Work task — Every line below from the one containing "Inmate GINGERICH, DANIEL R" through the one containing "803 Chimborazo Boulevard, Church Hill, Richmond, VA 23223 803" is to be printed exactly, with the pictures omitted.

Supplied material —
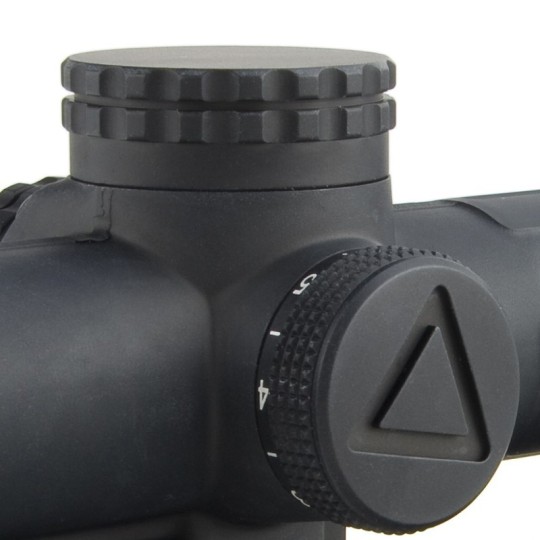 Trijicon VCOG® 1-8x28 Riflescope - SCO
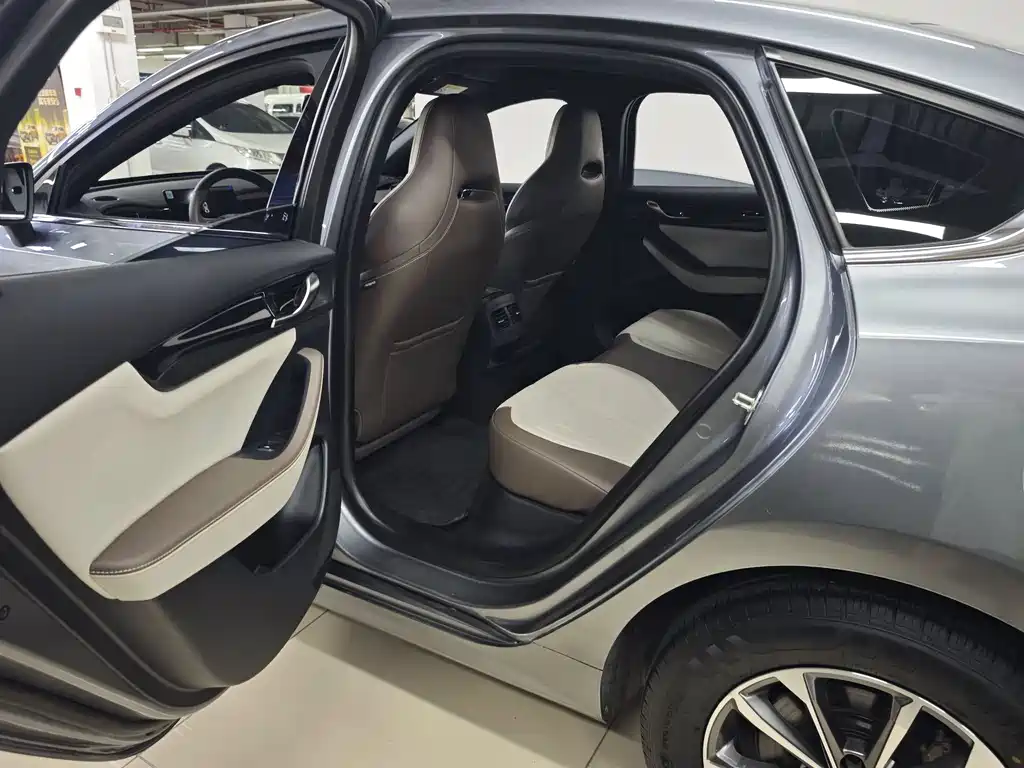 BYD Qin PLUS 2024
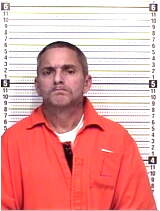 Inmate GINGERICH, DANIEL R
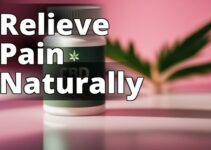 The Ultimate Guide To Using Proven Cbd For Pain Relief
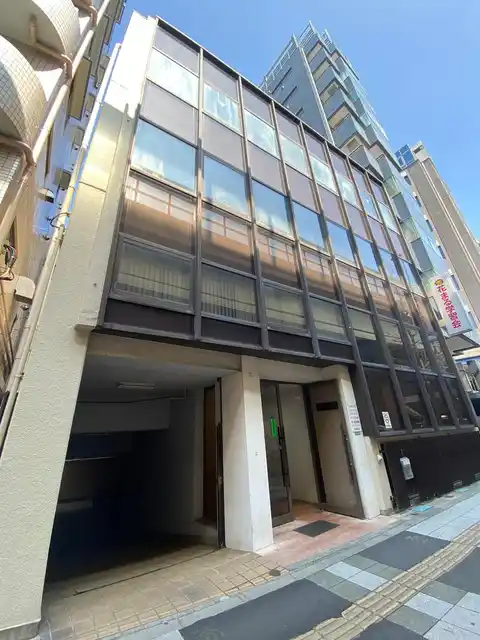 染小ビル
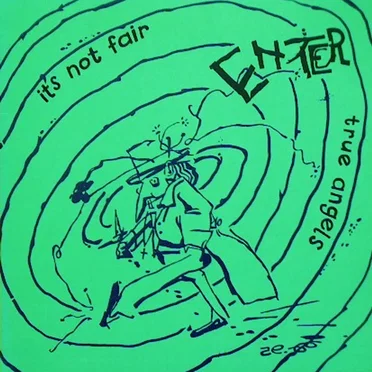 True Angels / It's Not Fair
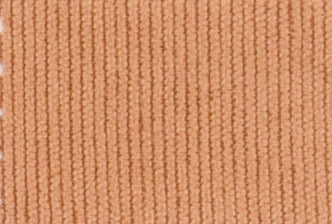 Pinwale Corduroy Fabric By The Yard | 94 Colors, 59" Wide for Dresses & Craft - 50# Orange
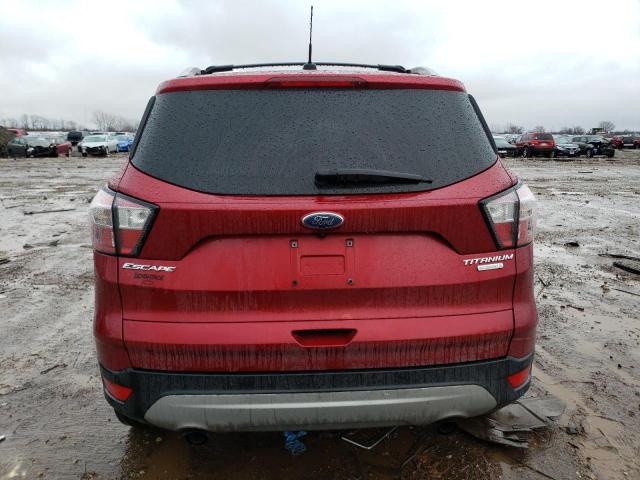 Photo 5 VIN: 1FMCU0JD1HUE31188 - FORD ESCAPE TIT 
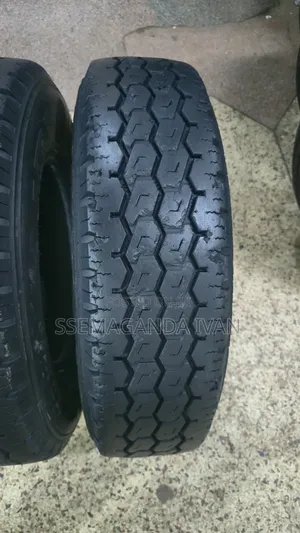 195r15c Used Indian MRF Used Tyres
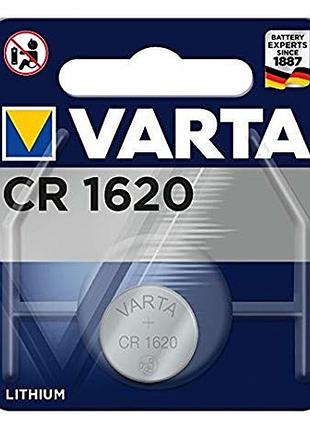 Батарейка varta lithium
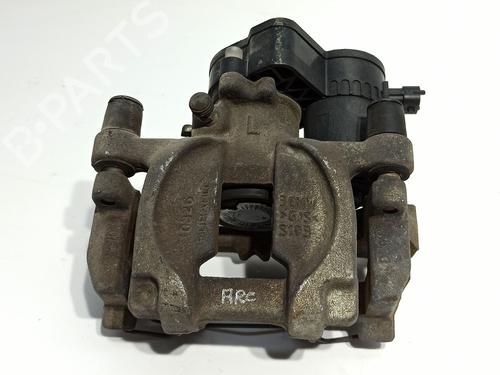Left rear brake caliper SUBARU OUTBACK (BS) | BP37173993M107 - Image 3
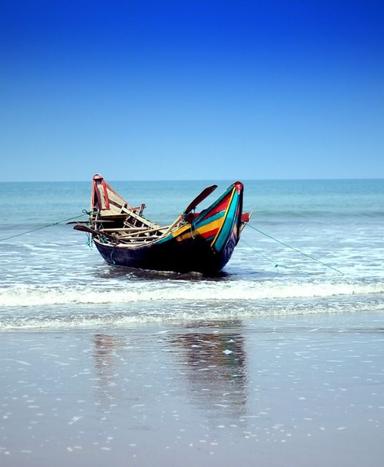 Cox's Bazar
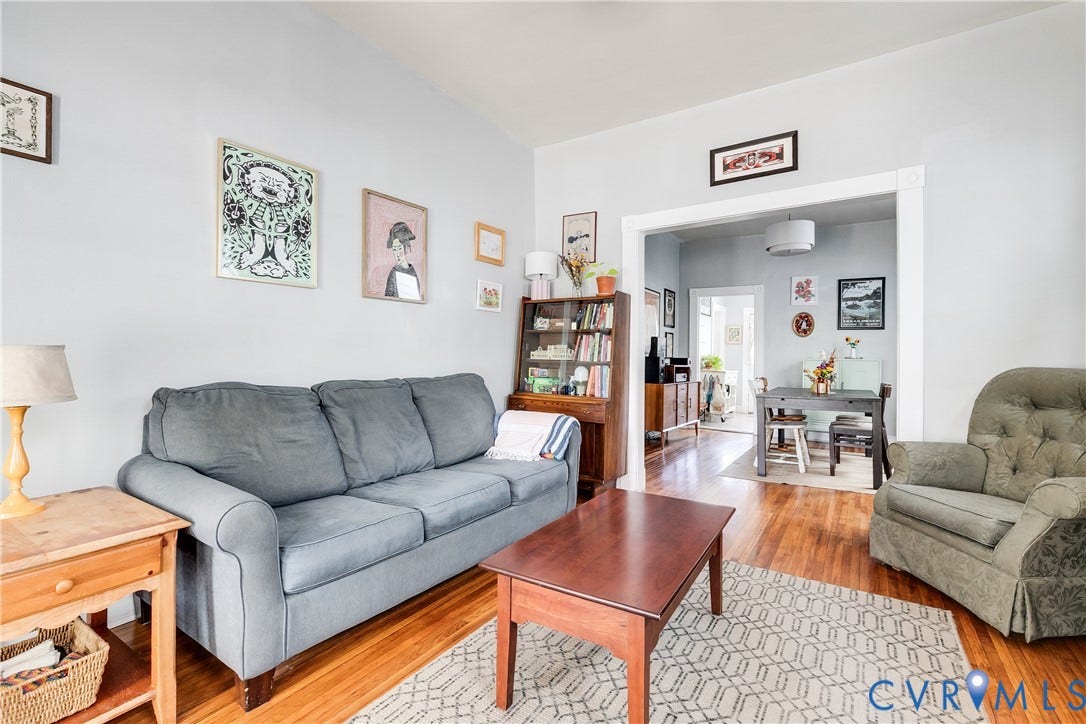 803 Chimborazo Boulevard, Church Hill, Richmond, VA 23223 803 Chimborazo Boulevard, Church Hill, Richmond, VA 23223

---

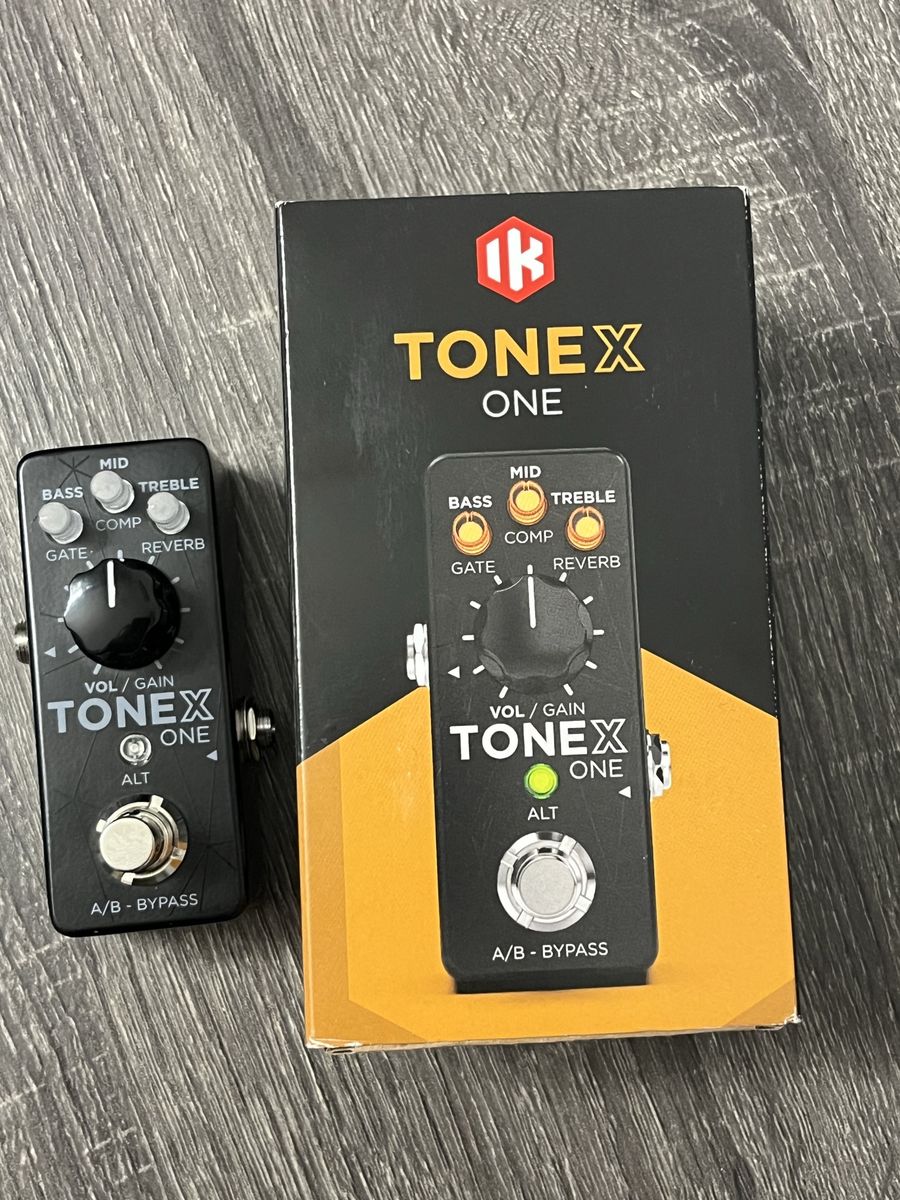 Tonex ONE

Task answer —
 Inmate GINGERICH, DANIEL R
 The Ultimate Guide To Using Proven Cbd For Pain Relief
 染小ビル
 True Angels / It's Not Fair
 Pinwale Corduroy Fabric By The Yard | 94 Colors, 59" Wide for Dresses & Craft - 50# Orange
 Photo 5 VIN: 1FMCU0JD1HUE31188 - FORD ESCAPE TIT 
 195r15c Used Indian MRF Used Tyres
 Батарейка varta lithium
Left rear brake caliper SUBARU OUTBACK (BS) | BP37173993M107 - Image 3
 Cox's Bazar
 803 Chimborazo Boulevard, Church Hill, Richmond, VA 23223 803 Chimborazo Boulevard, Church Hill, Richmond, VA 23223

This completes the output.